Intellectual trajectories or academic memoirs can capture the passions of a lifetime in research or scholarship. Have you ever wondered why people study what they do? How would you answer that question about your own career? In a March 14th workshop, University Historian Melissa Kean explained that she needs ARRUF members’ academic memoirs to help her (and future historians) construct the story behind the thousands of photographs, experimental models, curriculum proposals, and documents that fill the Rice Archives. She joined Professor in the Practice June Ferrill to help participants launch work on their own accounts.

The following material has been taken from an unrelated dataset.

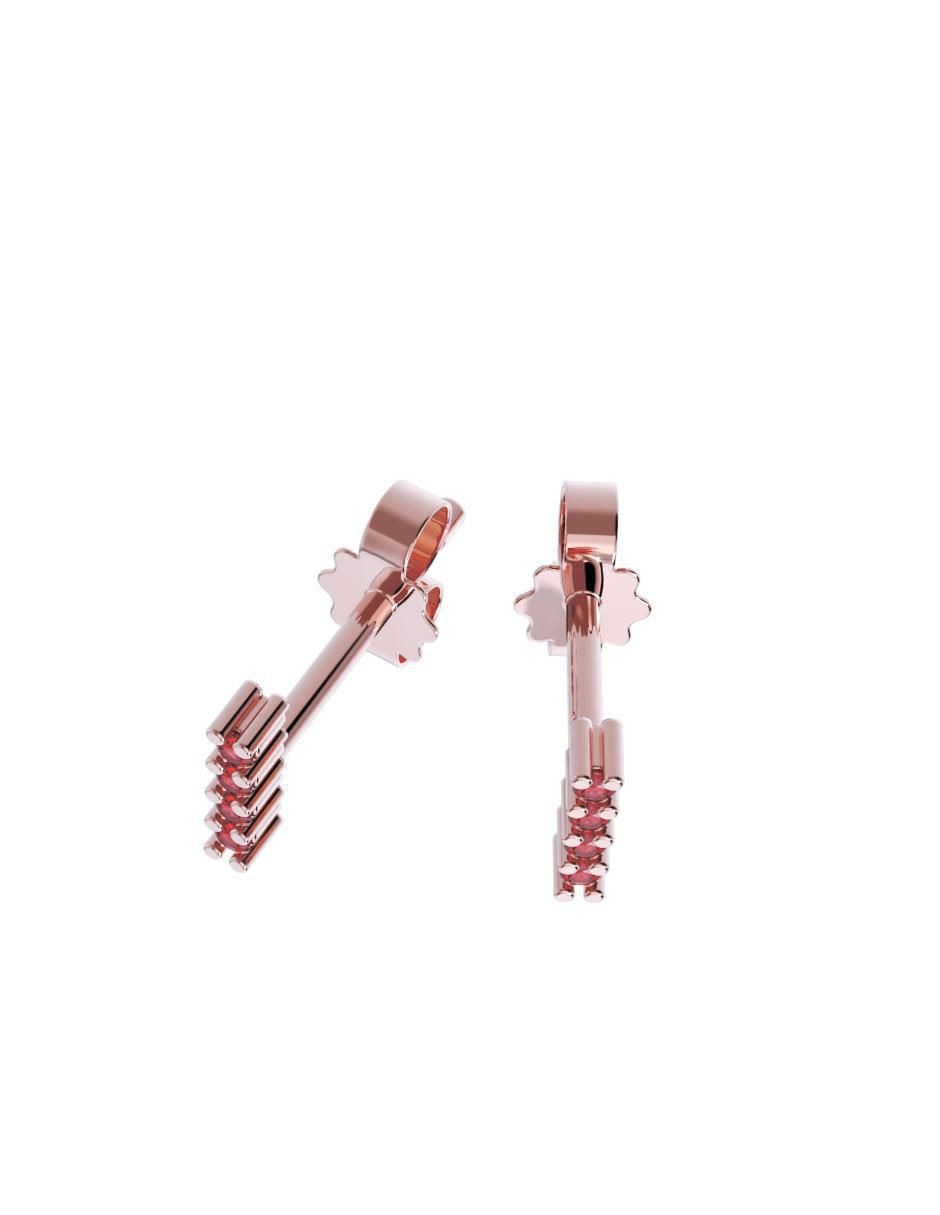 Set de aretes rectangulares de oro 10 K con acabado pulido zirconia 2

Participants found Ferrill’s suggestions quickly produced results. Marcia Citron and Anne Schnoebelen, both musicians, were immediately reminded of key events that prompted their career decisions. Priscilla Houston recalled how her purposes shifted into academic computing while at Mount Holyoke and Yale. Sidney Burrus recalled the qualities of persistence and determination that transformed him from an eager science student in tiny Alice, Texas to a Ph.D. and eventually, to Dean of Engineering at Rice.
ARRUF hopes to use its newly renovated facility to continue the camaraderie among the memoir writers with the University’s videoconferencing program and June Ferrill’s leadership. Ferrill will make occasional trips to Houston and conduct some sessions from her home in Santa Fe, New Mexico.